CANDIDATURA DE ESQUERDA ÀS PRESIDENCIAIS




Quem se der ao trabalho de ler atentamente a Constituição da República facilmente consegue refutar as interpretações minimalistas quanto aos poderes presidenciais e demonstrar que, ao contrário do que é dito nos meios políticos e pela comunicação social, o Presidente da República dispõe de poderes suficientes para intervir activamente nas grandes opções políticas em áreas essenciais na economia, nos direitos sociais, na preservação dos recursos naturais, na soberania, defesa e relações internacionais.

A direita política que defende os interesses das grandes empresas e do grande patronato odeiam e desprezam a Constituição da República.

É que a nossa lei fundamental, mãe de todas as leis, apesar das sucessivas revisões aprovadas pelo bloco PS/PSD, resistiu e continua a impor, no essencial, o projecto político que nasceu da revolução social do 25 de Abril. Projecto este que se inspirou em ideias e ideais defendidos pelas diferentes sensibilidades de esquerda que convergiram, sob a pressão dos movimentos sociais, na redacção do documento aprovado pela Assembleia Constituinte em 1976.

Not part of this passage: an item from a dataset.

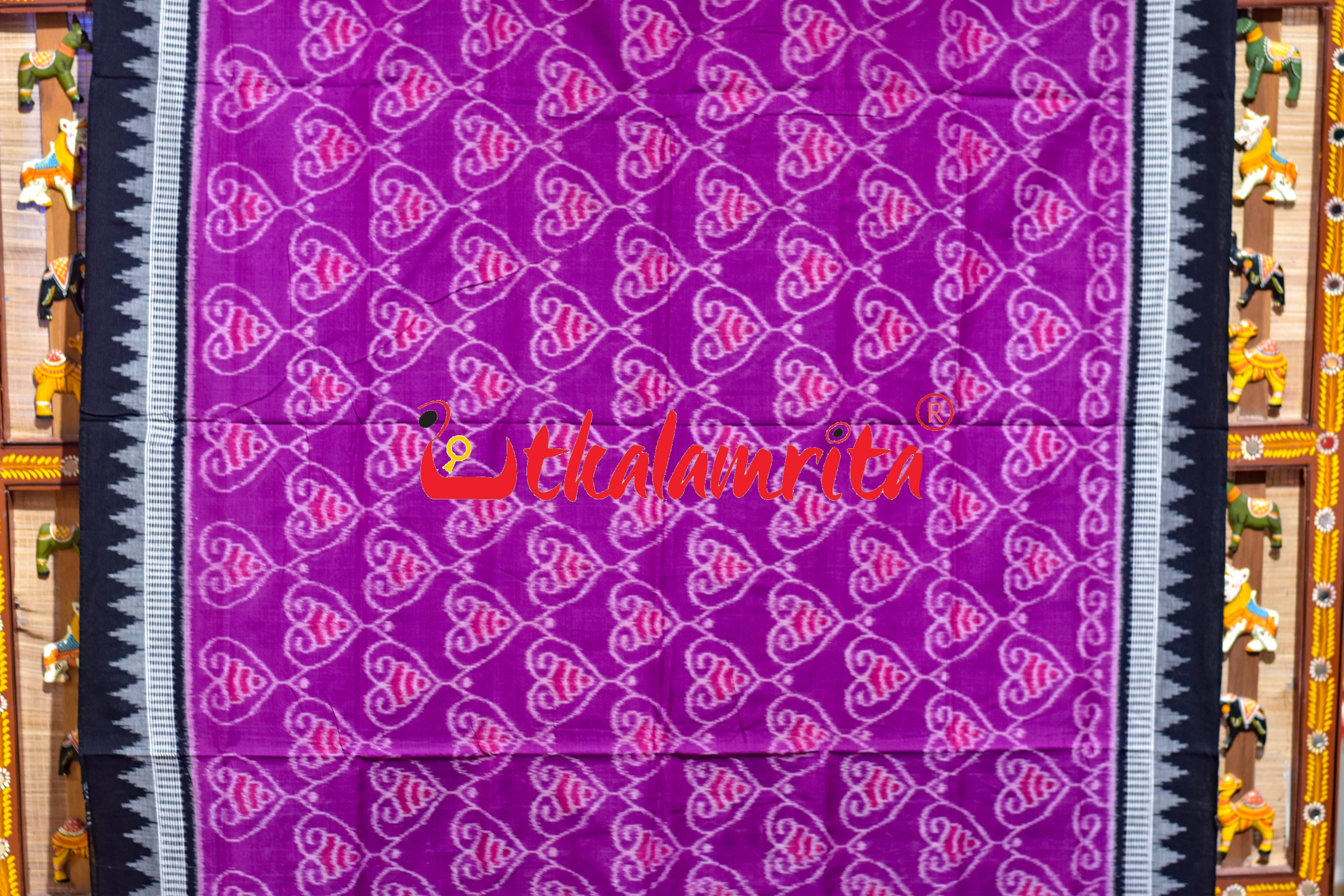 Magenta Lata Patra Khandua Cotton Saree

A nossa Constituição é uma lei que continua a impor que o país seja governado à esquerda e esse facto explica o ardor militante dos sectores neo-liberais de direita contra esta lei fundamental. Essa imposição explica também por que é que muito do que lá está escrito foi sistematicamente ignorado durante os longos anos de governo neo-liberal PS/PSD.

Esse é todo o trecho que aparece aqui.